(Data extracted from a collection)
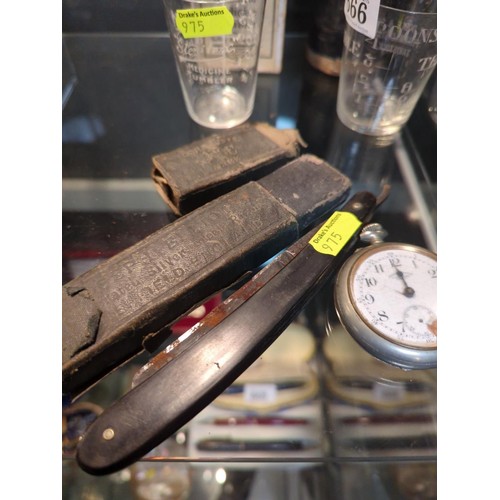 666 - Vintage cut throat razor with box, Tramway pocket watch (AF) and two medicine measures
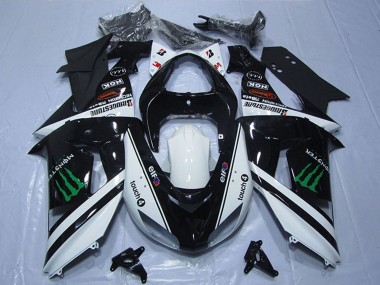 Buy 2007-2008 Black White Monster Touch4 Kawasaki ZX6R Motorcycle Fairings UK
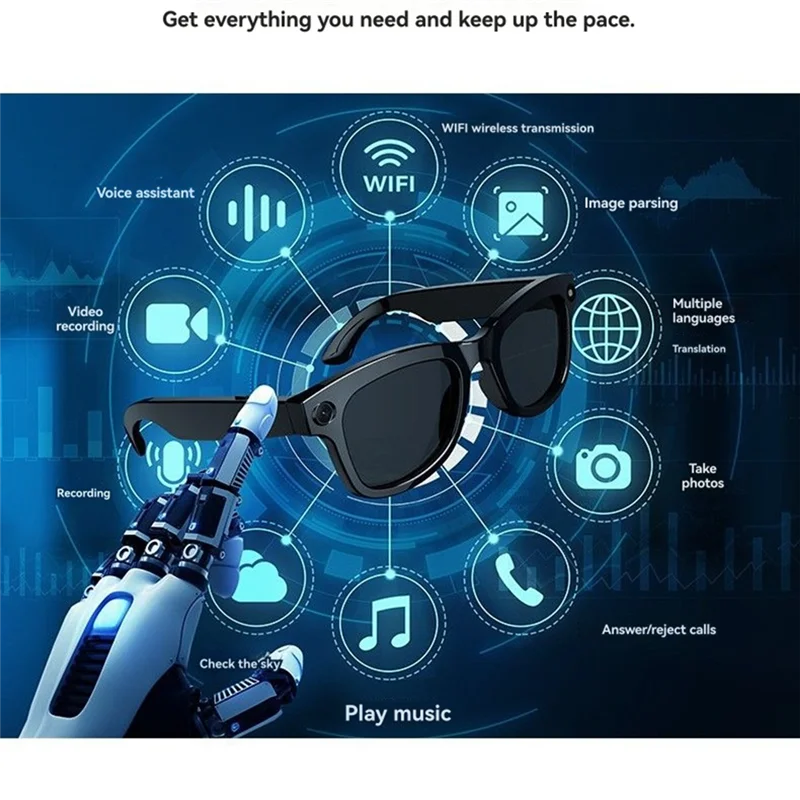 نظارات AI 500W HD نظارات كاميرا مضادة للاهتزاز سماعة رأس بخاصية البلوتوث مكالمات ترجمة AI، تسجيل الفيديو التقاط الصور الزجاج الشفاف-AAA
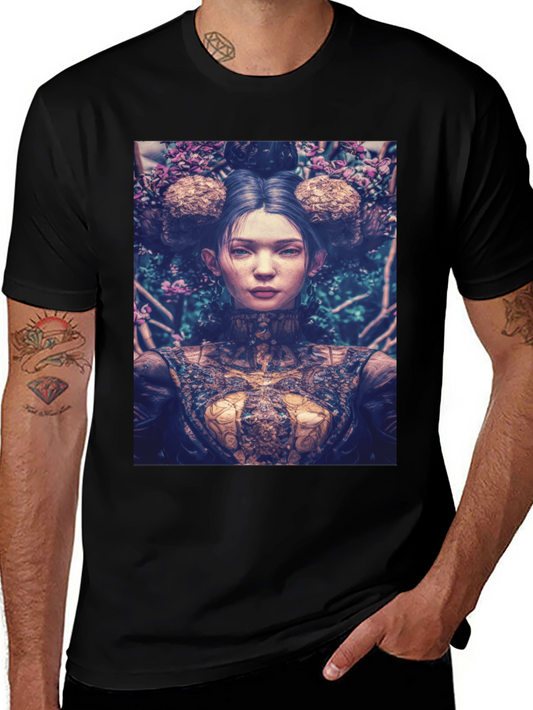 Artistic Floral Portrait Graphic Tee - Black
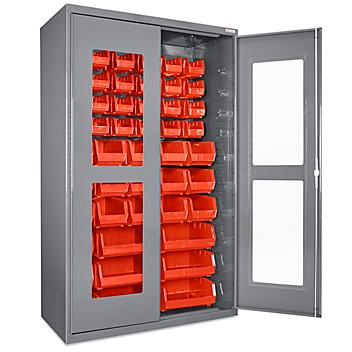 Clear-View Bin Storage Cabinet - 48 x 24 x 78", 48 Red Bins H-8483R
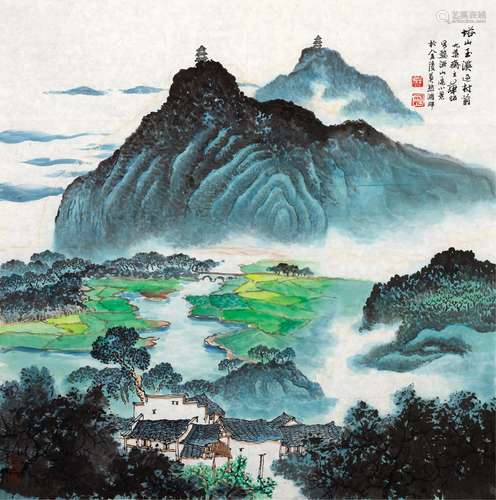 华拓 婺源写生图 设色纸本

**ACTION ITEM:** Please repeat all of the data exactly, excluding images.

**WRITTEN ANSWER:**
 666 - Vintage cut throat razor with box, Tramway pocket watch (AF) and two medicine measures
 Buy 2007-2008 Black White Monster Touch4 Kawasaki ZX6R Motorcycle Fairings UK
 نظارات AI 500W HD نظارات كاميرا مضادة للاهتزاز سماعة رأس بخاصية البلوتوث مكالمات ترجمة AI، تسجيل الفيديو التقاط الصور الزجاج الشفاف-AAA
 Artistic Floral Portrait Graphic Tee - Black
 Clear-View Bin Storage Cabinet - 48 x 24 x 78", 48 Red Bins H-8483R
 华拓 婺源写生图 设色纸本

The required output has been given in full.